__WORK TO BE COMPLETED__: Please restate the data that follows word for word, with the pictures left out.

Start of RAW DATA

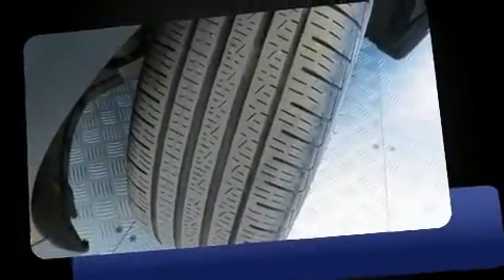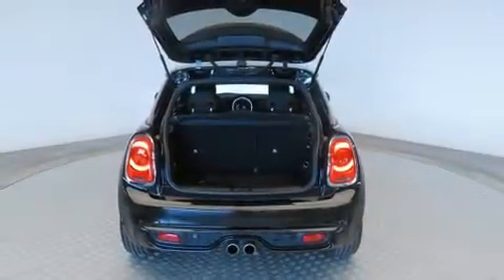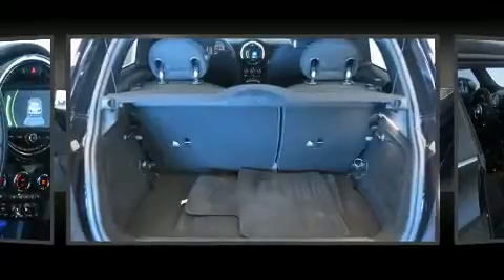Top features include cruise control, one-touch window functionality, a tachometer, an outside temperature display, power door mirrors and heated door mirrors, rain-sensing wipers, and the power moonroof opens up the cabin to the natural environment.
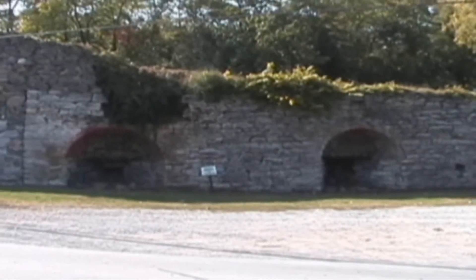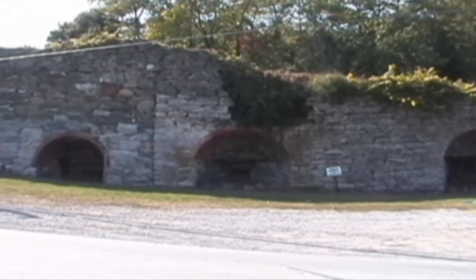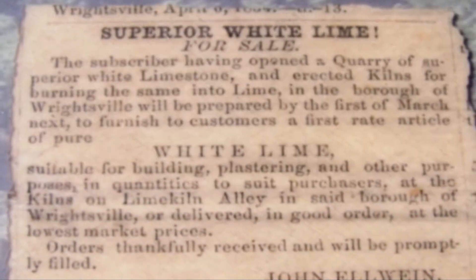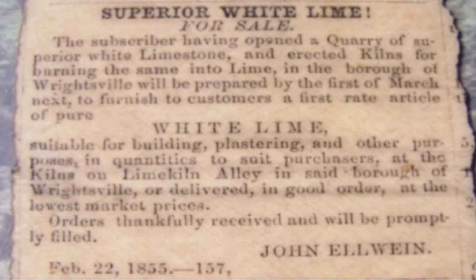The lime industry played a large part in Wrightsville's history. An 1894 bird's eye map of Wrightsville indicates that at least five different sets of kilns were operating in the community. During the late 19th and early 20th centuries, York County was one of the largest producers of lime in Pennsylvania.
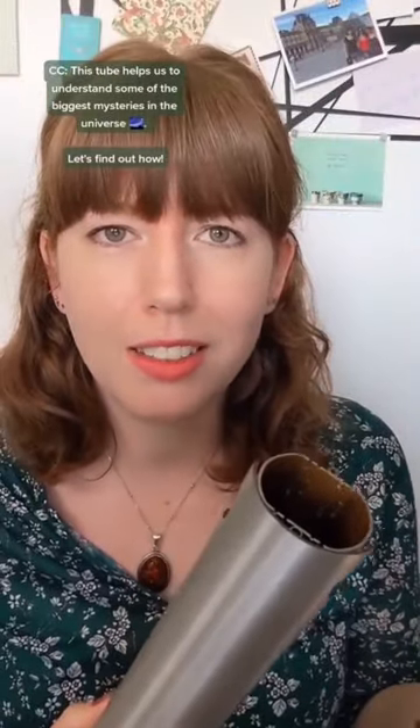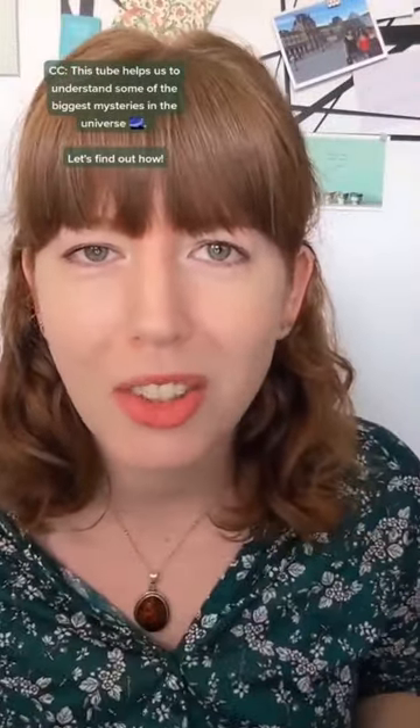This tube helps us to understand some of the biggest mysteries in the universe. This is a prototype of the Large Hadron Collider beam pipe at CERN, and there's actually an incredible amount of physics wrapped up in this tube.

End of RAW DATA

__SOLUTION TO THE PROBLEM__:
Top features include cruise control, one-touch window functionality, a tachometer, an outside temperature display, power door mirrors and heated door mirrors, rain-sensing wipers, and the power moonroof opens up the cabin to the natural environment.
The lime industry played a large part in Wrightsville's history. An 1894 bird's eye map of Wrightsville indicates that at least five different sets of kilns were operating in the community. During the late 19th and early 20th centuries, York County was one of the largest producers of lime in Pennsylvania.
This tube helps us to understand some of the biggest mysteries in the universe. This is a prototype of the Large Hadron Collider beam pipe at CERN, and there's actually an incredible amount of physics wrapped up in this tube.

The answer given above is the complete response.